### Data provided

^^^^^^^^^^^^^^^^

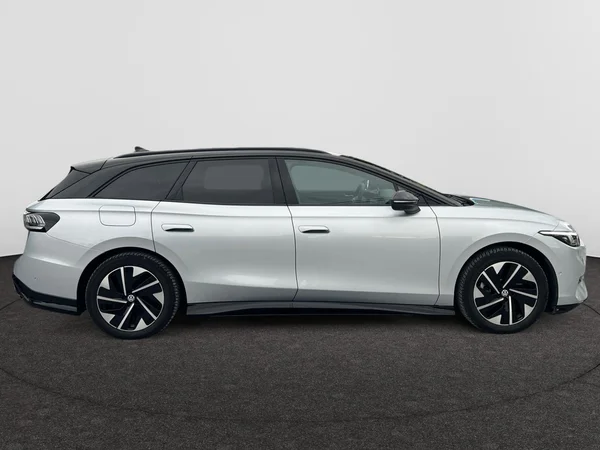 VOLKSWAGEN ID.7 Tourer (2026) — foto 9 van 18
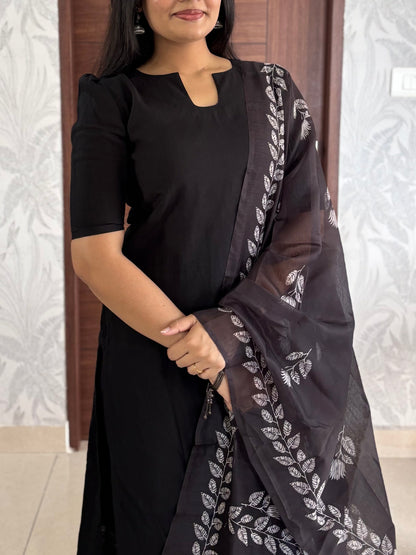Zyana Black Chanderi kurta and printed duppata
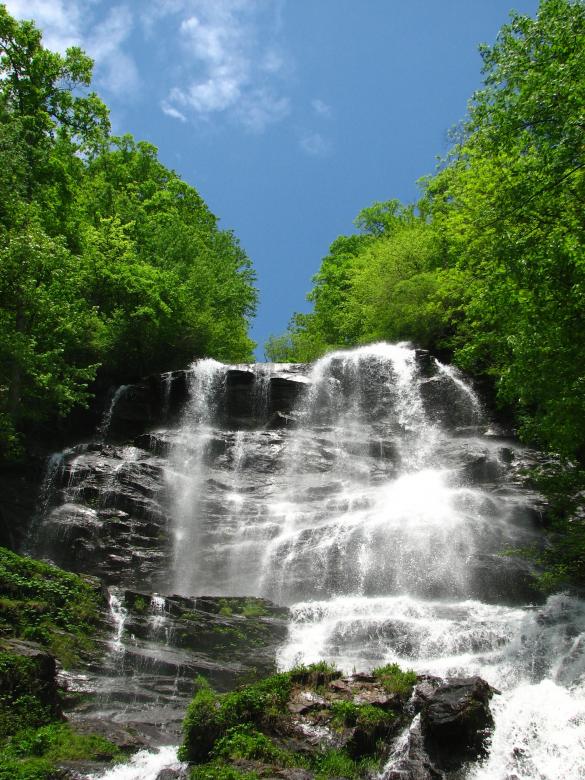 Free stock image of A large waterfall over rocks created by Benjamin Miller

^^^^^^^^^^^^^^^^

### Work task
Give back the full listing exactly, with pictures dropped.

### Task response
 VOLKSWAGEN ID.7 Tourer (2026) — foto 9 van 18
Zyana Black Chanderi kurta and printed duppata
 Free stock image of A large waterfall over rocks created by Benjamin Miller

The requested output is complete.